Requirement:
Copy the listing below letter for letter, passing over each picture.

Available data:
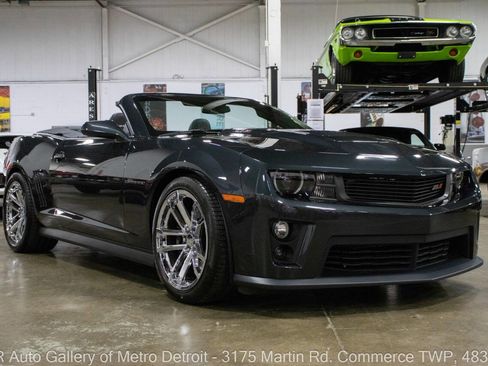 Used 2013 Chevrolet Camaro ZL1 RWD image 11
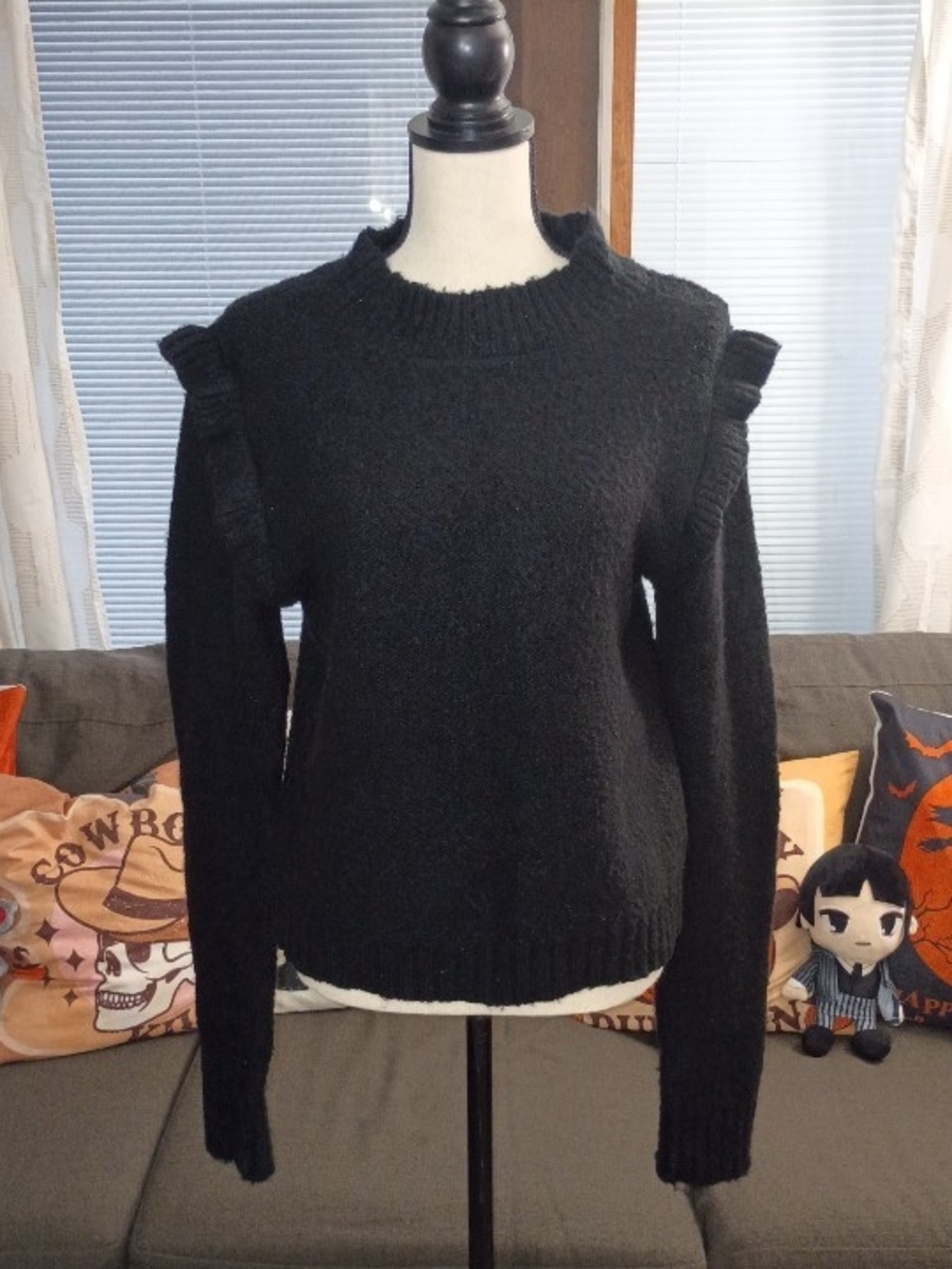 Wild Fable Women's Black Fuzzy Ruffle-Shoulder Sweater, Medium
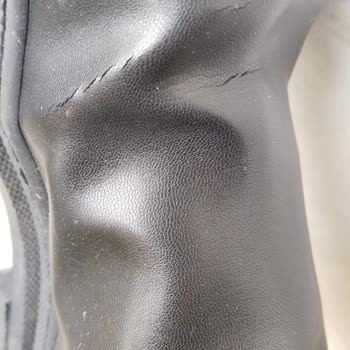 Elle Shoes enttäuscht mit schlechter Qualität und mangelhafter Haltbarkeit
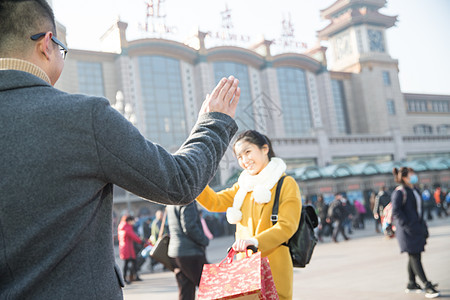 亚洲人东亚广场青年男女在火车站图片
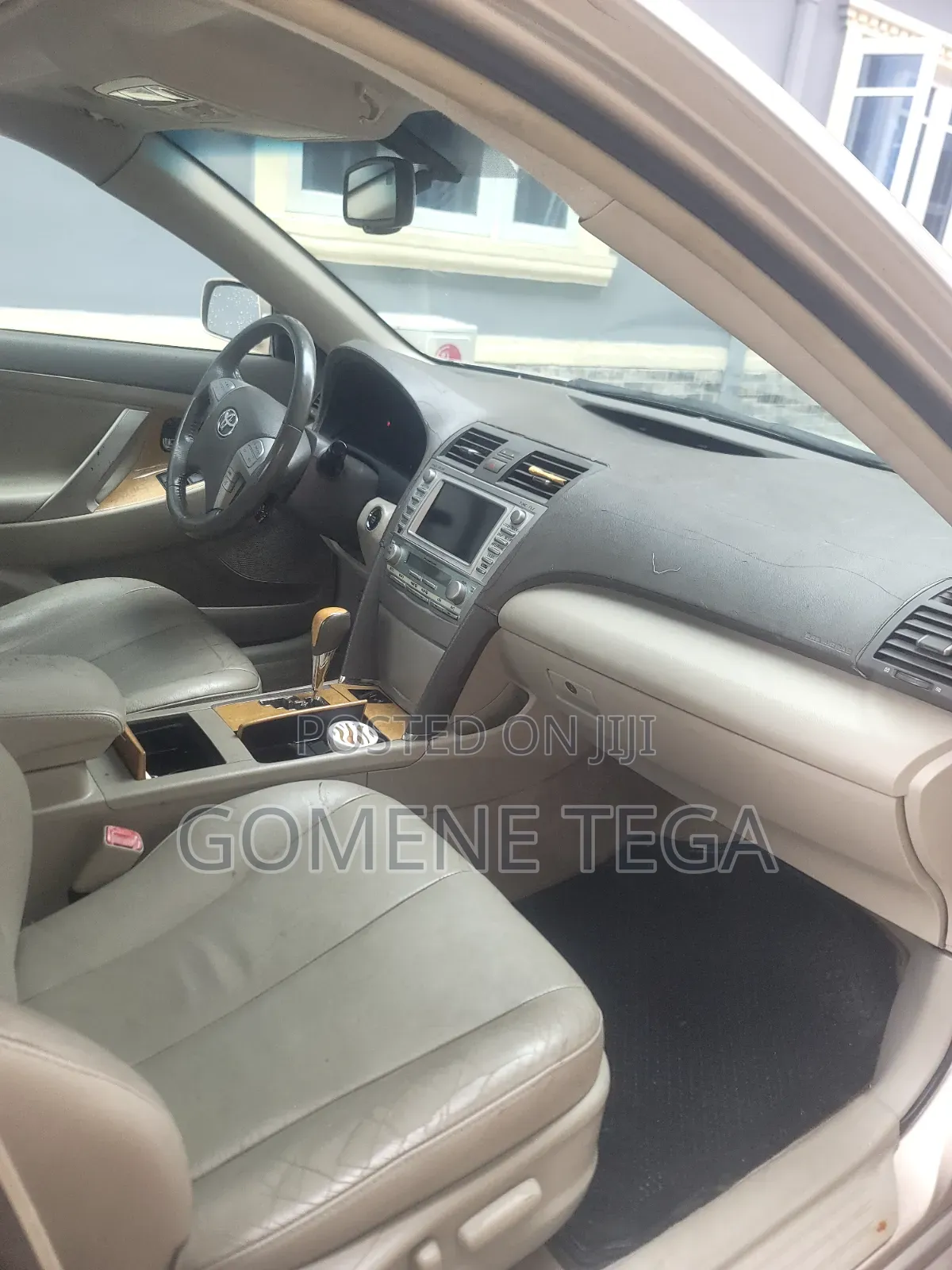 Toyota Camry 2008 Gold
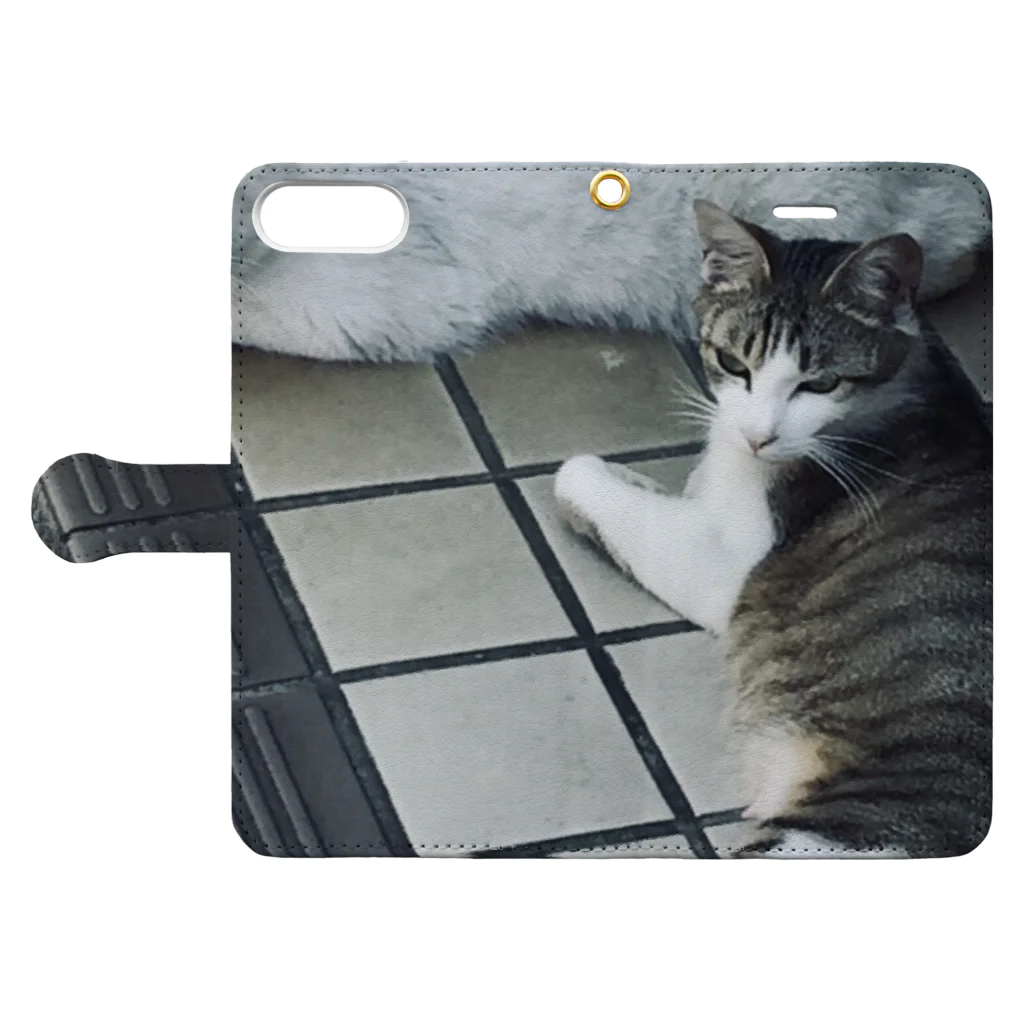 ナスボの野生の猫 Book-Style Smartphone Case:Opened (outside)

Task answer:
 Used 2013 Chevrolet Camaro ZL1 RWD image 11
 Wild Fable Women's Black Fuzzy Ruffle-Shoulder Sweater, Medium
 Elle Shoes enttäuscht mit schlechter Qualität und mangelhafter Haltbarkeit
 亚洲人东亚广场青年男女在火车站图片
 Toyota Camry 2008 Gold
 ナスボの野生の猫 Book-Style Smartphone Case:Opened (outside)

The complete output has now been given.